*** Input records Section Begins ***

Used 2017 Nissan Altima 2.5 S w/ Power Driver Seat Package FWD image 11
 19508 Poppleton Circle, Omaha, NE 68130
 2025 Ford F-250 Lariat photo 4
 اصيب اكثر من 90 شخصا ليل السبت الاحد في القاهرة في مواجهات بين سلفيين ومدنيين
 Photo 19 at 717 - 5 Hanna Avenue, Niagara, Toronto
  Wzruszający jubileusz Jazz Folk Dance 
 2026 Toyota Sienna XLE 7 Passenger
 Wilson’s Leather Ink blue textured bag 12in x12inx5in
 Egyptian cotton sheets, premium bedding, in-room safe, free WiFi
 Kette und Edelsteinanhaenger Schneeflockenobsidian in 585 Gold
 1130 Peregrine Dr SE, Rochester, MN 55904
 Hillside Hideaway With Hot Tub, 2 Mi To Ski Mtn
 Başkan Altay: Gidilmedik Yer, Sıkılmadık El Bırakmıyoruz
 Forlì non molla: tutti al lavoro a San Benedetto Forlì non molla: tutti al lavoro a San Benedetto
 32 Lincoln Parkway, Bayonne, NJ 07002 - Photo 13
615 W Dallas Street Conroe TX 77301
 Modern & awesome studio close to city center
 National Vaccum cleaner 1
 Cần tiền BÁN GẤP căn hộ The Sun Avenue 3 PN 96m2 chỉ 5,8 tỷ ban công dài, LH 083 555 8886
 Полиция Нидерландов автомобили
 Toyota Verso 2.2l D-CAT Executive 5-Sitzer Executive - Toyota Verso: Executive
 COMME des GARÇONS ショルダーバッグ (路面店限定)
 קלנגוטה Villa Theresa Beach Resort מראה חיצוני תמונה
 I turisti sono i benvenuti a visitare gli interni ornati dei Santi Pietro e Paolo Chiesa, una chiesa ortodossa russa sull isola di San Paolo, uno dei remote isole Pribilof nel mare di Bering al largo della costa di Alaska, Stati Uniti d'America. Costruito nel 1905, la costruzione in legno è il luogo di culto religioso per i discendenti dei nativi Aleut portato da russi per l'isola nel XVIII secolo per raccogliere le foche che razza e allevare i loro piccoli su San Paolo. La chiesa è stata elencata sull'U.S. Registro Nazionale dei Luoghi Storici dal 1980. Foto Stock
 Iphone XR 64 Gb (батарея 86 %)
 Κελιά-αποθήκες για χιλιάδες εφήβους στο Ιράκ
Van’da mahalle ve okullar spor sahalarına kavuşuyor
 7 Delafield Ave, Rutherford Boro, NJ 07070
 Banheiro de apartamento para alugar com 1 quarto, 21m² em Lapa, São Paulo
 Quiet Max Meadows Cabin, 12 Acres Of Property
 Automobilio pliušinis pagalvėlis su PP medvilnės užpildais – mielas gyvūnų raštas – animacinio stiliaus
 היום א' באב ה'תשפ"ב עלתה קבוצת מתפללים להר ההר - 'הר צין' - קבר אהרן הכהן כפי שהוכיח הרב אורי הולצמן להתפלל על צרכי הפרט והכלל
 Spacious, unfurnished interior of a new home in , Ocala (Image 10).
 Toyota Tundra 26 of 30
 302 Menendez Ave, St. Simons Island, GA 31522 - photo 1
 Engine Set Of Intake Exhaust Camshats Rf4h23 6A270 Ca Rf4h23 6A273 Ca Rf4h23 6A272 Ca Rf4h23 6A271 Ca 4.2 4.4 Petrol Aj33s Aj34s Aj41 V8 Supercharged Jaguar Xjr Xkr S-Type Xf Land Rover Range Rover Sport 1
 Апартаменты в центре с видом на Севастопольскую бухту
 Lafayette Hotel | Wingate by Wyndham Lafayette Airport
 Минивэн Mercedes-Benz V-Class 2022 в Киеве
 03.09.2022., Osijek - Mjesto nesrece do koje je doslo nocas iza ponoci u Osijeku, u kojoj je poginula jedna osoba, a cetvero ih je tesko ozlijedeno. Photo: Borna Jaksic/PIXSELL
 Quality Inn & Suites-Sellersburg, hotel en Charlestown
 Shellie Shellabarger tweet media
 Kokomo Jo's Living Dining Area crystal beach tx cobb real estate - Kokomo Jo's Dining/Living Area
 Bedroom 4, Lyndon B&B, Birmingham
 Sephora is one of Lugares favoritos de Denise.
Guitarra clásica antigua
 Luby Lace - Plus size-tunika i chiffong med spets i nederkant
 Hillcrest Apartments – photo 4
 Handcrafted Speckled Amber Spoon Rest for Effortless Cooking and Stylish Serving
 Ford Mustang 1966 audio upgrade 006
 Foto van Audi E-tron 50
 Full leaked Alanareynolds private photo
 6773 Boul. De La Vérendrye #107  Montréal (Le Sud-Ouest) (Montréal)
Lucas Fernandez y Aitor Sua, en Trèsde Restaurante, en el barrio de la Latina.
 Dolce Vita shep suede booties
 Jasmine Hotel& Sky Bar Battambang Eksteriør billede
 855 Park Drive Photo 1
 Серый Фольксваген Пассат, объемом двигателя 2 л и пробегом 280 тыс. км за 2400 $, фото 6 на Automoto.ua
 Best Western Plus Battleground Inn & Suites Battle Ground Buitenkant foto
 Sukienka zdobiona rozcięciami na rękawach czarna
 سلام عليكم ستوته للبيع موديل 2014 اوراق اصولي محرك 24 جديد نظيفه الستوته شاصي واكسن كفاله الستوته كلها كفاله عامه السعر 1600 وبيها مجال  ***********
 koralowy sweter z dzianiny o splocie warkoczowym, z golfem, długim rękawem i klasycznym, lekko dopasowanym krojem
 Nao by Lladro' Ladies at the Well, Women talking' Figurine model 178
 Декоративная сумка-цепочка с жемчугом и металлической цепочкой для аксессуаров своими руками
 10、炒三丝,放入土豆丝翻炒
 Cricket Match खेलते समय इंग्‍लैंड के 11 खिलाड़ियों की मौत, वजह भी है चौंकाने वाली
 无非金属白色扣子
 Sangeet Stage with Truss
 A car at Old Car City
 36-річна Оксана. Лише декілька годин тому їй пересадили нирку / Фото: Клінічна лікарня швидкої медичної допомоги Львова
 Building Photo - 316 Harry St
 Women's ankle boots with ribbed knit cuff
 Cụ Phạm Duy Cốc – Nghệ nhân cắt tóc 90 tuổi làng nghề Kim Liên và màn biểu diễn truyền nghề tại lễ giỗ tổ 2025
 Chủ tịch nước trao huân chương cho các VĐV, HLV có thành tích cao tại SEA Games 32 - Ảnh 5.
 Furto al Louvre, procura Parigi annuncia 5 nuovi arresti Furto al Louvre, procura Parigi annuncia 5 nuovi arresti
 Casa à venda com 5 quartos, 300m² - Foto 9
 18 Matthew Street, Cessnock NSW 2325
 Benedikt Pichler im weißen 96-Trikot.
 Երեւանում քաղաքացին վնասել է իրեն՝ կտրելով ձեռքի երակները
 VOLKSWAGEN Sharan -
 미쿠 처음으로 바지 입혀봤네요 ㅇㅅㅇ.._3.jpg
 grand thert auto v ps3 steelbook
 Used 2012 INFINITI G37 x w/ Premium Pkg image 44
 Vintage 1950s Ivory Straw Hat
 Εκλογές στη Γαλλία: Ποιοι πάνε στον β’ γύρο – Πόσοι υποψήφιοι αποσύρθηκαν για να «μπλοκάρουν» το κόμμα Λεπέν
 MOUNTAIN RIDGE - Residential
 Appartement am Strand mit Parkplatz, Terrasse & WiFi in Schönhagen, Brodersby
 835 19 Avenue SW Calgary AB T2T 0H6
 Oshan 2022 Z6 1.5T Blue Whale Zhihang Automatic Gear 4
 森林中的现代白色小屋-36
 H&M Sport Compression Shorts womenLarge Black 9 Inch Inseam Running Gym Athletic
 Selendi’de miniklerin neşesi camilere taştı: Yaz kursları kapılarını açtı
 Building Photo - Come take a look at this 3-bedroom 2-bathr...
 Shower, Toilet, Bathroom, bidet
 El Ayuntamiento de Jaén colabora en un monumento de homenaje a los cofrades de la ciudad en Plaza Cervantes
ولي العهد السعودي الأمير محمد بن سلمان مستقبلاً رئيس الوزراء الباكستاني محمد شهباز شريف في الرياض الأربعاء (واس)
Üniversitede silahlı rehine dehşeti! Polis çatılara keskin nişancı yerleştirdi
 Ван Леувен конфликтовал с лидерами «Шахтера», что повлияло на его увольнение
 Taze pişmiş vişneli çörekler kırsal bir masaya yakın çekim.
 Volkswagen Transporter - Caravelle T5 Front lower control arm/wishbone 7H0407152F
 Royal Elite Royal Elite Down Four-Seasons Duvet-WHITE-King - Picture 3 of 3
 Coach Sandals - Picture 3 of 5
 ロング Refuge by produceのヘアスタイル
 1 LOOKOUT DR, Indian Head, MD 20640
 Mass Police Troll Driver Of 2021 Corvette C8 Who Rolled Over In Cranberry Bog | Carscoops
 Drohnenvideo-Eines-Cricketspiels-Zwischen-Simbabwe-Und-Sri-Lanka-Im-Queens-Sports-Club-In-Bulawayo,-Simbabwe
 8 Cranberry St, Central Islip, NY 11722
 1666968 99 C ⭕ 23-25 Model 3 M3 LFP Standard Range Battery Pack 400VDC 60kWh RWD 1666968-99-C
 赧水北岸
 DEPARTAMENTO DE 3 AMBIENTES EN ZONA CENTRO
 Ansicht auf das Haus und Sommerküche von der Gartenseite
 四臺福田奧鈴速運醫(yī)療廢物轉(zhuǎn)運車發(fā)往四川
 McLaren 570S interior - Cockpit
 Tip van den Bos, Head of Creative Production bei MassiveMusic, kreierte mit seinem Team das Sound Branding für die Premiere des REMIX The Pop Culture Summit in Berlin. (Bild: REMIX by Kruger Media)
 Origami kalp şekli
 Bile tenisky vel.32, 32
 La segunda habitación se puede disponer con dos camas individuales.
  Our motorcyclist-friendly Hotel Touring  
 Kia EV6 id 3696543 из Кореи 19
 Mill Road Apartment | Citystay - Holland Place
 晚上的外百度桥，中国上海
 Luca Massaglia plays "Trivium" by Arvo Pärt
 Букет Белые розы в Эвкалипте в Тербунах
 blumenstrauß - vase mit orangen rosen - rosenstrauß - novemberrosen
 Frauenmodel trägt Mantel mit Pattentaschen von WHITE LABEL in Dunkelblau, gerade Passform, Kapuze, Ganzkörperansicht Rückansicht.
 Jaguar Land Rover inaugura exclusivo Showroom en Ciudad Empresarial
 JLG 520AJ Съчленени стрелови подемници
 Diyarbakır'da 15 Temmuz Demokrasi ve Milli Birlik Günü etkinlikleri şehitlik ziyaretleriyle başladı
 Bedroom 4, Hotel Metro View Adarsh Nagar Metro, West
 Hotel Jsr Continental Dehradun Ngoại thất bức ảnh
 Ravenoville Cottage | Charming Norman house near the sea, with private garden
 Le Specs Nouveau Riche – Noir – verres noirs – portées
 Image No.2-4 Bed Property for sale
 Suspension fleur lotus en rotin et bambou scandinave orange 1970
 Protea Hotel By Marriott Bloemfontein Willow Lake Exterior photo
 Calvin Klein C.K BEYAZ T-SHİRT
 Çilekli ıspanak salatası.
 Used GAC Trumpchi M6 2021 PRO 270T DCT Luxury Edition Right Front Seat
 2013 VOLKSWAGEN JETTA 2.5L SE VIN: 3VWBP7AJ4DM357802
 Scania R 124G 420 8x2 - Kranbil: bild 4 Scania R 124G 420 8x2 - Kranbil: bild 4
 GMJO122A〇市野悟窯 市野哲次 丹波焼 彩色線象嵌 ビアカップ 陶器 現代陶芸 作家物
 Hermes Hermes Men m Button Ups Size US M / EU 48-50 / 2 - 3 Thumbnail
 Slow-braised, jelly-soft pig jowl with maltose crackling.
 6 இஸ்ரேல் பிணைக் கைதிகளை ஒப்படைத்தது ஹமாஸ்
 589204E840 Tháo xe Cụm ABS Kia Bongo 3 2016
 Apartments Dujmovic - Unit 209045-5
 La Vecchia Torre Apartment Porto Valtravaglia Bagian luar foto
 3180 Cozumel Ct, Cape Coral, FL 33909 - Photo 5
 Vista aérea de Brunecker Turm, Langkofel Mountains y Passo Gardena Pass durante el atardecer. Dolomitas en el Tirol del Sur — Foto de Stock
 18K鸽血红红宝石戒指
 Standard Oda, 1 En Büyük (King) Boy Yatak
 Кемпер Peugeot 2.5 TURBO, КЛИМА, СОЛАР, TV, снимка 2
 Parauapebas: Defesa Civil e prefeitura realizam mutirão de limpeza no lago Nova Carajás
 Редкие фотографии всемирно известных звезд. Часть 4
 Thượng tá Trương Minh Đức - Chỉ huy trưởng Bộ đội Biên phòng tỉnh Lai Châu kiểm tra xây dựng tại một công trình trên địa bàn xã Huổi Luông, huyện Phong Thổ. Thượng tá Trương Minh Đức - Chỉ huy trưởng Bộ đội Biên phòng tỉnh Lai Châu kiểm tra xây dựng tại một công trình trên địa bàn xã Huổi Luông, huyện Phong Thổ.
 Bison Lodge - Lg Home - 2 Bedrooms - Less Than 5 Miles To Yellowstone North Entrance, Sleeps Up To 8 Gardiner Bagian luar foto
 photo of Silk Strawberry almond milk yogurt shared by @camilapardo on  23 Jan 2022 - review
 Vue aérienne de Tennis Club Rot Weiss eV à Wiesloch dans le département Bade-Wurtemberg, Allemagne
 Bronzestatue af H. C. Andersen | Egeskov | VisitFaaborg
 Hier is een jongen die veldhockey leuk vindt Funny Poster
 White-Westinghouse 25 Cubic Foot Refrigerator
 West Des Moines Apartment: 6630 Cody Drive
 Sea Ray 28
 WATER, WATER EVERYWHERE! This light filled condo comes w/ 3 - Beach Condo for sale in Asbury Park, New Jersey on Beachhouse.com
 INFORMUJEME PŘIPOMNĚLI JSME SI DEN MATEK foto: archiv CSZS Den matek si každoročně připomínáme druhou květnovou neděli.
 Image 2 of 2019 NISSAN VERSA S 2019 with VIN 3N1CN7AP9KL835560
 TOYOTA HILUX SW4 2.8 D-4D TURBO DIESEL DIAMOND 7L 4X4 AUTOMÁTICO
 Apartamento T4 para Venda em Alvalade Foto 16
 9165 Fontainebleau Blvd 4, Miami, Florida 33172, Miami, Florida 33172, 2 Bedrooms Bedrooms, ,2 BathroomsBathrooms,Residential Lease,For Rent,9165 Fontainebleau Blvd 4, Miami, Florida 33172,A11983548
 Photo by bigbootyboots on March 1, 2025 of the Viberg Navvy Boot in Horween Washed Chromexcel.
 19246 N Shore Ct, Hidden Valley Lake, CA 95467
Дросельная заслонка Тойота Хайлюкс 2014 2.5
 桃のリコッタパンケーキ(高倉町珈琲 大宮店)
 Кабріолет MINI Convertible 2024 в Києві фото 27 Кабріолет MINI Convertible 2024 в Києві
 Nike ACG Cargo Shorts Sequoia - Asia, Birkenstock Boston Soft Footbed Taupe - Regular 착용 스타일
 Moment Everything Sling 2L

*** Input records Section Ends ***

Exercise instructions -> Among the entries above, identify all lines with "Residential" and copy them.

Expected output ->
 MOUNTAIN RIDGE - Residential
 9165 Fontainebleau Blvd 4, Miami, Florida 33172, Miami, Florida 33172, 2 Bedrooms Bedrooms, ,2 BathroomsBathrooms,Residential Lease,For Rent,9165 Fontainebleau Blvd 4, Miami, Florida 33172,A11983548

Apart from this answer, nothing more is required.